Steve Houdashelt, left, who has been in Durango since February and tried living in the different homeless camp locations, talks with Lisa Sontag, a camp helper, Tuesday after packing his bags. He said he plans to leave Durango and go to Flagstaff after becoming frustrated with the current situation at the camp.

Hill said she had to cancel her plans for the day to make sure other campers were leaving.

Living conditions haven’t been great for homeless residents, and the new rules and being moved around every few weeks hasn’t helped.

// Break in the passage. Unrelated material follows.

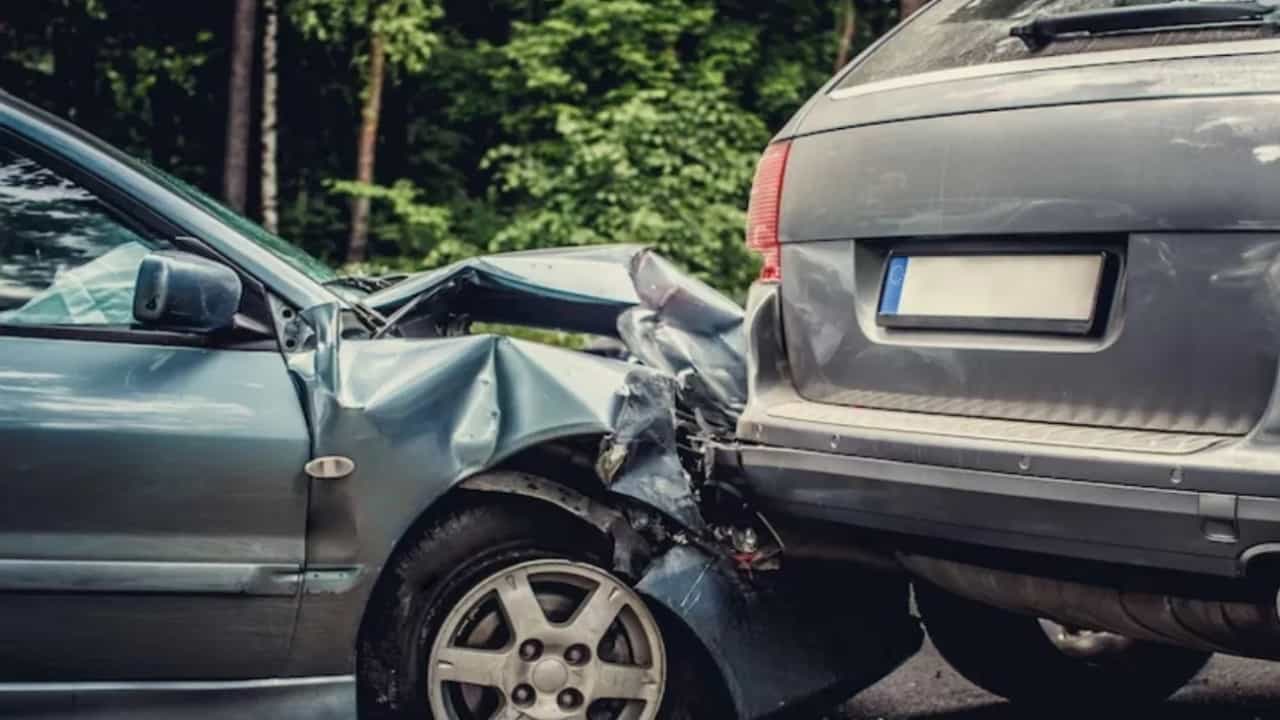 Accident Claim: 3.65 കോടി , വാഹനാപകടത്തിൽ നഴ്സിൻ്റെ കുടുംബത്തിന് നഷ്ടപരിഹാരം
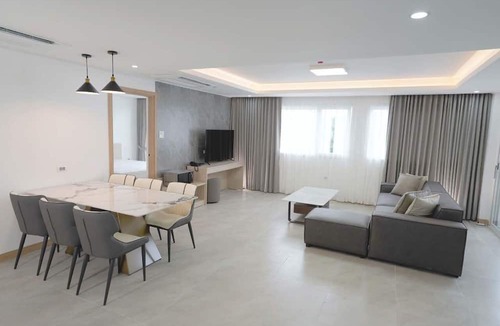 Angeles City Resort | The Glory Hotel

Smoke from the 416 Fire, which has reached “hazardous” levels in the evenings and early mornings, is affecting homeless residents who are outside 24/7. Health agencies recommend people and their pets avoid exertion and prolonged exposure during certain times of the day. But homeless residents have few options.

Marbury said cities don’t normally run homeless shelters, and she wishes other community organizations such as nonprofits and churches would work toward a solution.

“We’re not a nonprofit,” she said. “The city’s not a nonprofit.”

White also said it is a tough situation for local governments because multiple factors are at play, including compassion for human beings, responsibility for public property and public safety.

The Greenmount site will be open for 60 days. After that, it is likely a more permanent site will open near the Durango Dog Park. Homeless residents say they feel misunderstood by their critics.

“I feel like a disease because we’re homeless,” Hill said. “I’m sorry that I lived paycheck to paycheck, and now I’m considered bacteria or a virus because I can’t afford walls. It’s just really disheartening because I’m trying my damnedest.”

Said Jost: “We really just want to be treated fairly, and like we’re a part of the community.”